Pressure Mounting to Save Whareroa Farm

A high-powered group of environmentalists, local politicians and residents on the Kapiti Coast have launched a ‘Guardians of Whareroa’ movement to save Whareroa Farm, just north of Paekakariki.

The group includes representatives of the Paekakariki Community Board, Friends of Queen Elizabeth Park, Open Space Gateway Group, Nga Uruora, Kapiti Environmental Association and a number of concerned individuals.

Guardians Convenor, Jenny Rowan says the group wants the Government to put pressure on Landcorp to restore the 430-hectare block to full public ownership and abandon plans to sell the land to private developers.

Members of the group, accompanied by the two local MP’s, Winnie Laban and Darren Hughes, and Mayor Alan Milne of Kapiti District have already met with State Owned Enterprises Minister Paul Swain. The Guardians are now seeking an urgent meeting on the farm site with the Minister of Conservation, Chris Carter.

Earlier this year, the Kapiti Coast District Council voted as a first option, to seek the return of the land to public ownership. The Wellington Regional council is supporting the move and says it is willing to manage the block in conjunction with Queen Elizabeth Park.

The land at Whareroa Farm and Queen Elizabeth Park was originally bought by the Crown with the idea of protecting it from housing development. In 1982, the Lands and Survey Department developed a Queen Elizabeth Park Management Plan, which allowed for both areas (the farm and the QE Park area) to be used for recreation. The Department continued to operate a sheep unit on Whareroa Farm, with funds being provided to help run Queen Elizabeth Park until 1987.

“Whareroa Farm forms a unique ‘Gateway’ to the whole Kapiti Coast – and is also a key link in Kapiti’s last remaining ecological corridor from the foothills to the sea,” says Jenny Rowan.
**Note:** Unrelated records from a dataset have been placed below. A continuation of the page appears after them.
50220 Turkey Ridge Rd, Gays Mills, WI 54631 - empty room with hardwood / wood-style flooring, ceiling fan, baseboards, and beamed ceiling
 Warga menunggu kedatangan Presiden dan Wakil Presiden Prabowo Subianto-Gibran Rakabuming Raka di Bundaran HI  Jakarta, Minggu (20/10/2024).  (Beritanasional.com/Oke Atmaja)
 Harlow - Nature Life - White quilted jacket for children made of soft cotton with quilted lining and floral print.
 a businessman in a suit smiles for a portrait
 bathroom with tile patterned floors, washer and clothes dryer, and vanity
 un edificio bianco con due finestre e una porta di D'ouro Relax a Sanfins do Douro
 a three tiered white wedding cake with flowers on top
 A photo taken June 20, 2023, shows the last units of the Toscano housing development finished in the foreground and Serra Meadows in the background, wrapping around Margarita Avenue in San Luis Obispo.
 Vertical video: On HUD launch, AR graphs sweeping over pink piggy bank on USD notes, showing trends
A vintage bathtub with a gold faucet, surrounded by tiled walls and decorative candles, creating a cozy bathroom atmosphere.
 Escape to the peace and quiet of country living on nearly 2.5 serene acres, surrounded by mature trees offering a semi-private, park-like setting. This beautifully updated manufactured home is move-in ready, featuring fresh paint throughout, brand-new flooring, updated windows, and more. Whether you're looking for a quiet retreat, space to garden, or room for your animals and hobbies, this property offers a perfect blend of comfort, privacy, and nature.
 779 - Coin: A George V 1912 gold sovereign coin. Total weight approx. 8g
She points out that a farm park was developed in the 1980’s with many recreational facilities, which attracted large numbers of visitors from throughout the Wellington Region.

“All of this was purposely allowed to decay when Landcorp actively discouraged visitors in the 1990’s. Landcorp allowed the farm to run down at the same time,” she says. “Now the land is under threat of sale – and all because of political theories which allowed public land to be alienated in the 1980’s.”

Jenny Rowan says Whareroa Farm has always been recognised as an important link for walking and cycling access from the coast and Queen Elizabeth Park up into the Akatarawa Hills. She emphasises the importance of the Farm in providing gentle access to outdoor activities for those who are less fit or who are disabled

“Whareroa Farm is also the primary water catchment area for Queen Elizabeth Park - and is the only water system in the Kapiti Coast District, which flows from the headwaters to the sea without passing through a residential area, she says.

“We believe any residential buildings will ruin the open space experience of the farm and the Park. Visitor numbers to Queen Elizabeth Park are expected to double over the next decade, which means Whareroa Farm will be needed more than ever as part of the park system.” she says.